» **YOUR ASSIGNMENT**: Leaving out the pictures, retype exactly the lines from the one holding "HARDDRIVE CHROME REAR" through the end of the material.

» **INPUT DATA**:
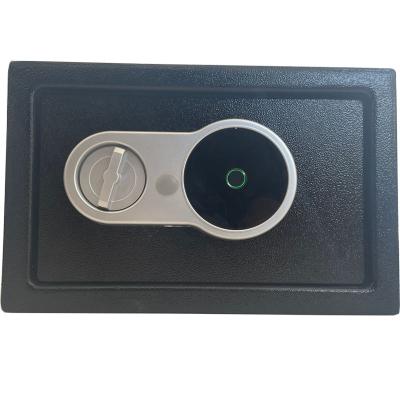 China Mini Home Fingerprint Electronic New Product Iron Safe Money Box Safe Deposit Box For Child for sale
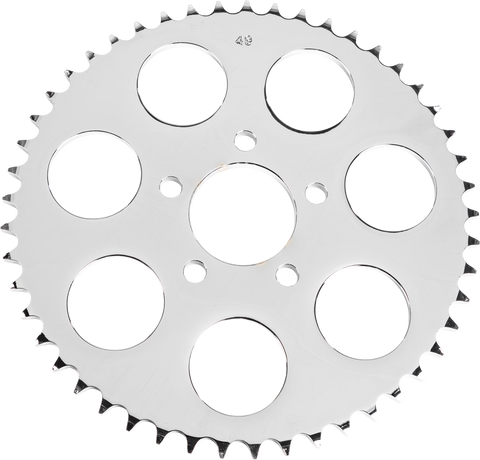 HARDDRIVE CHROME REAR SPROCKET 49T BIG TWIN 00-13 201653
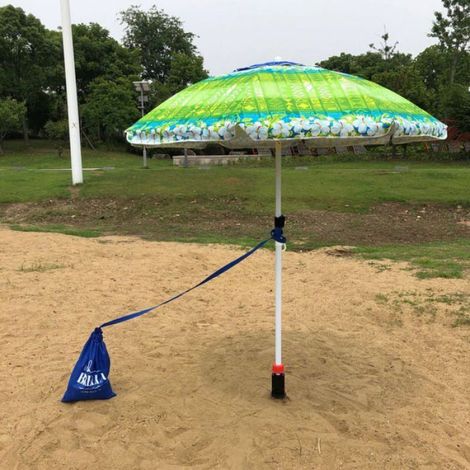 Support de Parasol pour Plage Sable ou Terre Pieds de Parasols, Pieds de Parasol de Plage à hélice à Visser dans Le Sable, Pied Para (1/5)
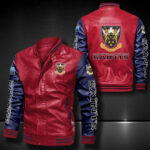 Northampton Saints Leather Bomber Jacket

» **SOLVED EXERCISE**:
 HARDDRIVE CHROME REAR SPROCKET 49T BIG TWIN 00-13 201653
 Support de Parasol pour Plage Sable ou Terre Pieds de Parasols, Pieds de Parasol de Plage à hélice à Visser dans Le Sable, Pied Para (1/5)
 Northampton Saints Leather Bomber Jacket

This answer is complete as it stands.